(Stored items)
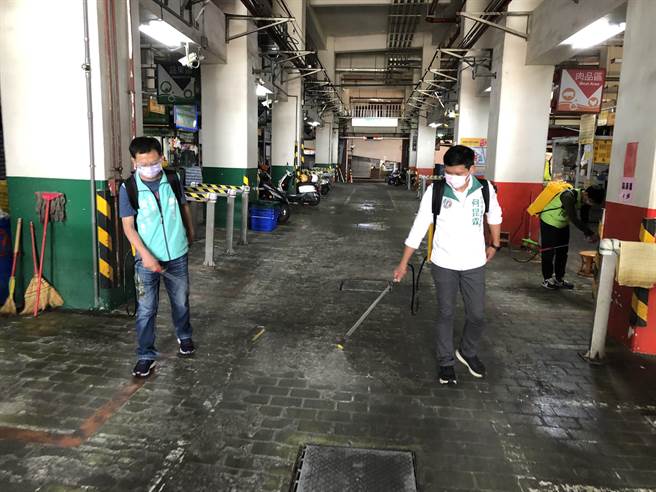 建國市場目前為台中市最大公有零售市場，內有700多個攤位，攤商和消費者加起來每天約5000人進出，加強清消，防堵疫情。（讀者提供／張妍溱台中傳真）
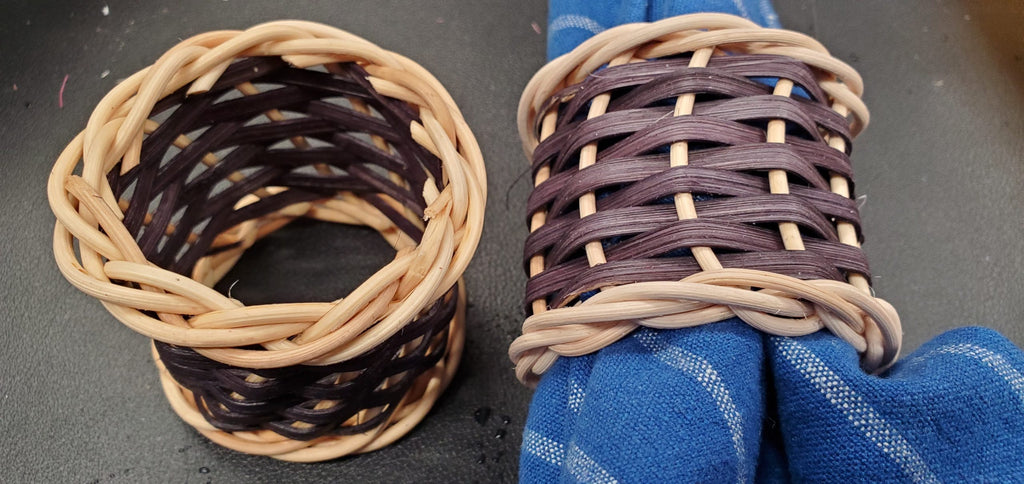 4 Woven Napkin Rings with Color Choices Kit image 0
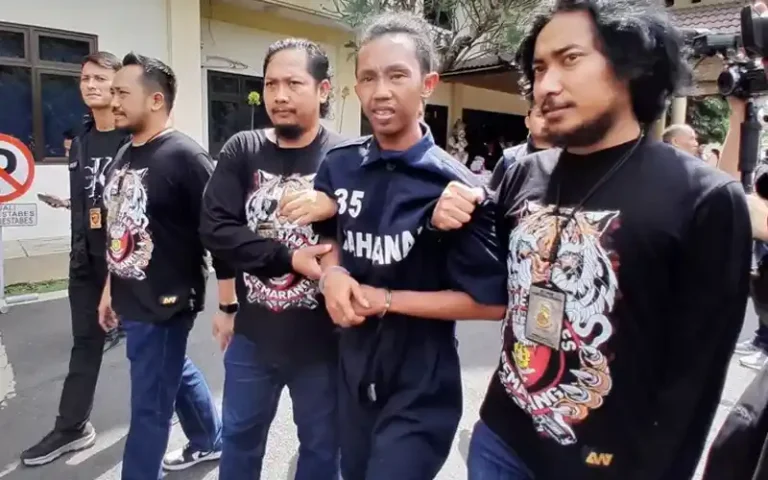 Tim Resmob Satreskrim Polrestabes Semarang berhasil menangkap tersangka utama dalam kasus mayat yang ditemukan di depo air isi ulang AHS Arga Tirta, Jalan Mulawarman Raya, Kelurahan Kramas, Tembalang, Semarang. Tersangka bernama Husen ditangkap saat berusaha melarikan diri ke Banjarnegara dan saat ini tengah menjalani pemeriksaan di Mapolrestabes Semarang.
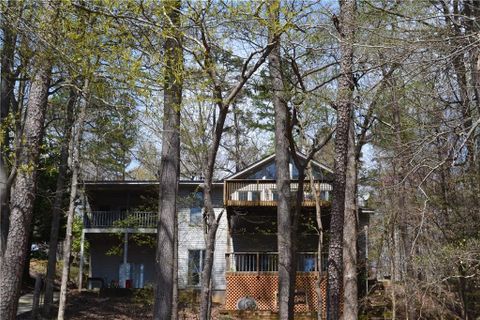 921 Rue Fleur De Lis sold home in Brittany Hbr N, Lavonia, GA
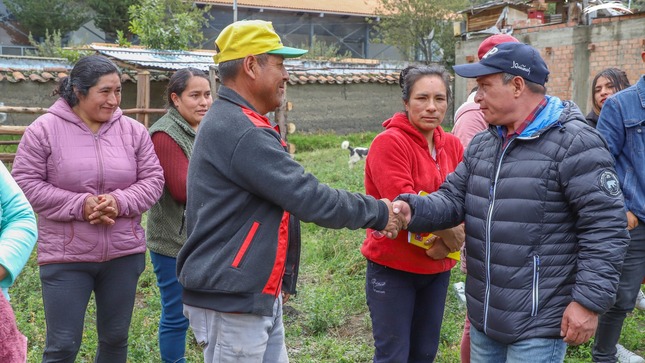 𝐓𝐫𝐚𝐛𝐚𝐣𝐚𝐧𝐝𝐨 𝐩𝐚𝐫𝐚 𝐞𝐥 𝐩𝐫𝐨𝐠𝐫𝐞𝐬𝐨 𝐝𝐞 𝐭𝐨𝐝𝐨𝐬 𝐥𝐨𝐬 𝐜𝐡𝐚𝐯𝐢𝐧𝐨𝐬.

TASK DESCRIPTION
In the records above, transcribe exactly the lines from the one containing "Tim Resmob Satreskrim" through the last line, both included, and skip the pictures.

SOLVED EXERCISE
 Tim Resmob Satreskrim Polrestabes Semarang berhasil menangkap tersangka utama dalam kasus mayat yang ditemukan di depo air isi ulang AHS Arga Tirta, Jalan Mulawarman Raya, Kelurahan Kramas, Tembalang, Semarang. Tersangka bernama Husen ditangkap saat berusaha melarikan diri ke Banjarnegara dan saat ini tengah menjalani pemeriksaan di Mapolrestabes Semarang.
 921 Rue Fleur De Lis sold home in Brittany Hbr N, Lavonia, GA
 𝐓𝐫𝐚𝐛𝐚𝐣𝐚𝐧𝐝𝐨 𝐩𝐚𝐫𝐚 𝐞𝐥 𝐩𝐫𝐨𝐠𝐫𝐞𝐬𝐨 𝐝𝐞 𝐭𝐨𝐝𝐨𝐬 𝐥𝐨𝐬 𝐜𝐡𝐚𝐯𝐢𝐧𝐨𝐬.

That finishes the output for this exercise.